[How to complete this task] Retype, word for word, every line from the one holding "Venabu cross country" through the one holding "Photo of Mr.Toes" in the entries below, both included, and only those lines.

[Exercise inputs]

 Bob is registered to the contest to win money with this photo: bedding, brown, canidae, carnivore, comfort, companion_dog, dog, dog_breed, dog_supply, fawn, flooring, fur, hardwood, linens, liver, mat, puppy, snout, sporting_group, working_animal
...
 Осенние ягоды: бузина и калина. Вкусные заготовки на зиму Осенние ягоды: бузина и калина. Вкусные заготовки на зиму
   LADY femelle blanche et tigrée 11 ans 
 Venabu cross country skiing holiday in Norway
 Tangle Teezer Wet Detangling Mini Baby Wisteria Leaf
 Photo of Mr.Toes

[Exercise response]
 Venabu cross country skiing holiday in Norway
 Tangle Teezer Wet Detangling Mini Baby Wisteria Leaf
 Photo of Mr.Toes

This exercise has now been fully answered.